The answer for Question 19 is option D. Here I am firstly unable to understand why this option. If this is the case then how to infer the statement “Fungi cannot as yet be cultivated in the absence of a living root” as in relation to production in laboratories.
And for question 18 the answer is option E . But the option E is the only option which can utilize the information given in the passage? Bcz how is it possible for a person to know about a state official alerting farmers or a researcher who identifies a project for funding?
For Question #19 you are going to want to watch Greg’s videos on Dedicated Critical Reasoning and Inference questions. Don’t worry, this is a typical inference question that is easy to solve if you are methodical and familiar with the process.

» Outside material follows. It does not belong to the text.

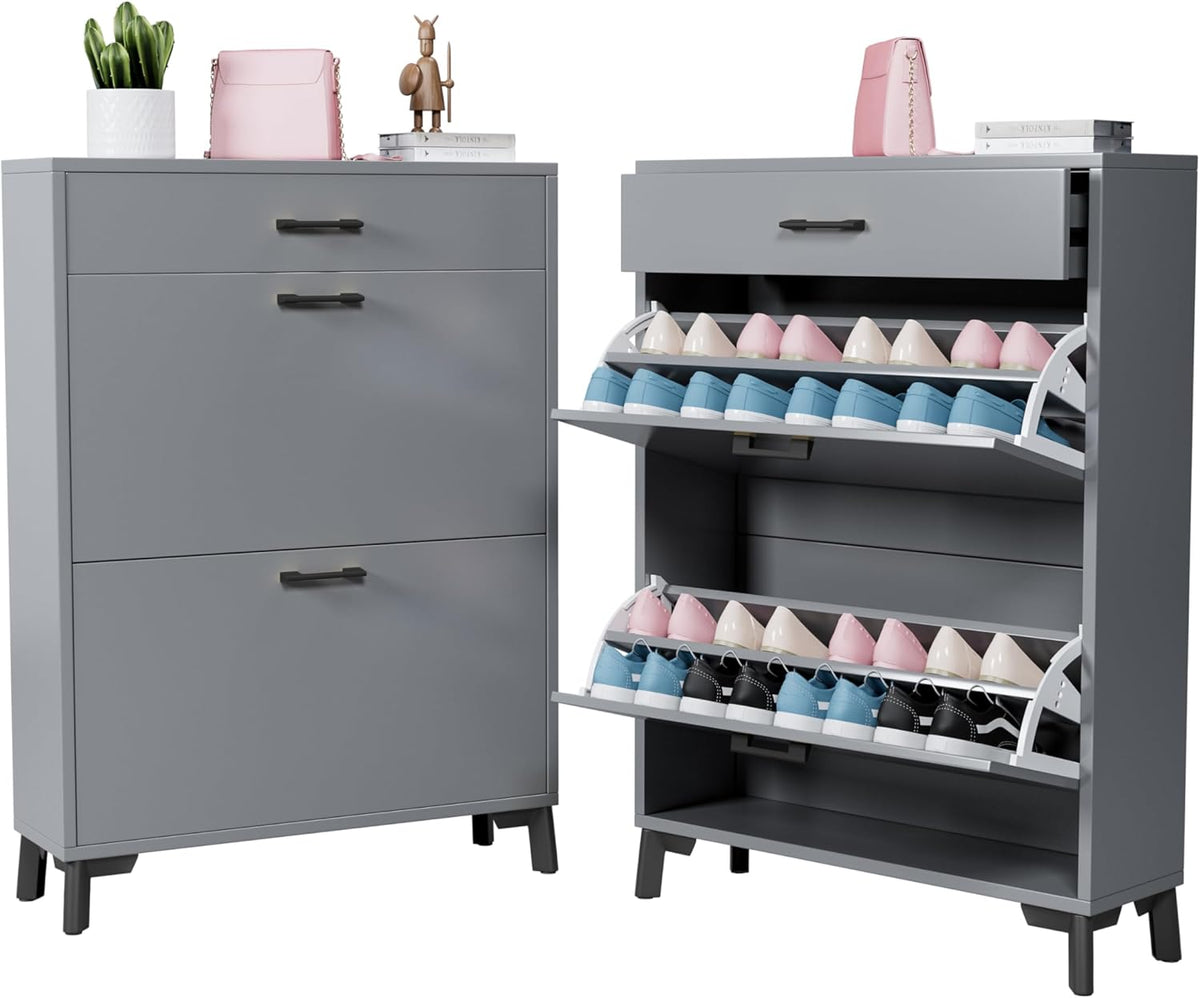 Gray 32" Slim Shoe Storage Cabinet N453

See: https://new.gregmat.com/course/dedicated-critical-reasoning
Long story short, as you have highlighted in purple, the passage gives two reasons for lack of research progression:
Plants don’t show damage, so it’s hard to identify specimens
The fungi needs certain special things in order to be cultivated
Because it’s an “inference” question, you are going to have to make a logical leap here (see videos). The logical leap here would be that fungi requires special conditions to create, but scientists in labs can’t always create these conditions out of thin air.
There is nothing near the purple text about funding, application, idenification of plain old fungi (although it does mention the identification of damaged fungi), or cost/scarcity. So you can also get D through Process of Elimination.